Convolutional Attention Networks for Source Code Summarization

In the paper, the authors introduce a convolutional attention network designed for the task of extreme summarization of source code snippets. This work addresses the challenge of converting sequences of code tokens into summarized, descriptive method names — a task crucial for understanding and maintaining software systems.

Key Contributions

The authors propose a novel neural network architecture that integrates convolutional layers within the attention mechanism itself, enabling the model to detect both local and temporal translation-invariant features effectively. This architecture improves upon previous methods by focusing attention on relevant features throughout long and variable-length input sequences, aiding in the prediction of concise summaries for source code.

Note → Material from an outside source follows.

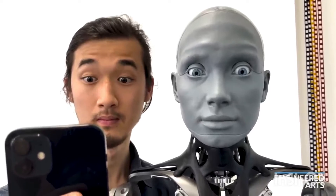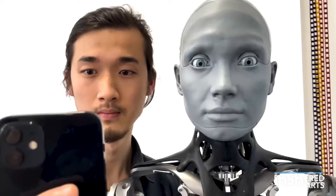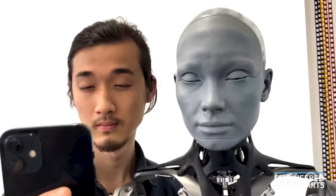Eyebrows. And eyebrows, and sleepy. I'm feeling very sleepy.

The model's ability to learn complex patterns and extract informative features provides significant improvements over traditional models, such as those used in natural language processing tasks like machine translation. The proposed convolutional attention model, complemented by a copy mechanism, achieves superior performance by allowing for direct copying of tokens from the input when predicting the output, addressing the common problem of out-of-vocabulary (OoV) tokens in software projects.

Numerical Results

The authors demonstrate the efficacy of their architecture through rigorous evaluations on ten popular open-source Java projects. The convolutional attention model with the copy mechanism outperformed traditional tf-idf approaches as well as standard attention models, achieving higher F1 scores and exact match percentages across projects.

Implications

Practically, the enhanced summarization capability of the model can aid developers in understanding and refactoring large codebases by auto-generating meaningful method names. Theoretically, this work suggests that convolutional mechanisms can be effectively integrated with attention models to handle long-sequence input data, broadening the scope of attention-based techniques in structured domains.

Future Developments

This work opens avenues for further research integrating convolutional configurations within attention frameworks in other domains, such as automated documentation generation and software comprehension tools. Advancements could focus on optimizing the convolutional filters for specific programming paradigms or exploring extensions to multi-modal code artifacts.

Overall, the convolutional attention network presented in this paper constitutes a significant advance in automated source code summarization, yielding insights applicable to both the machine learning and software engineering communities.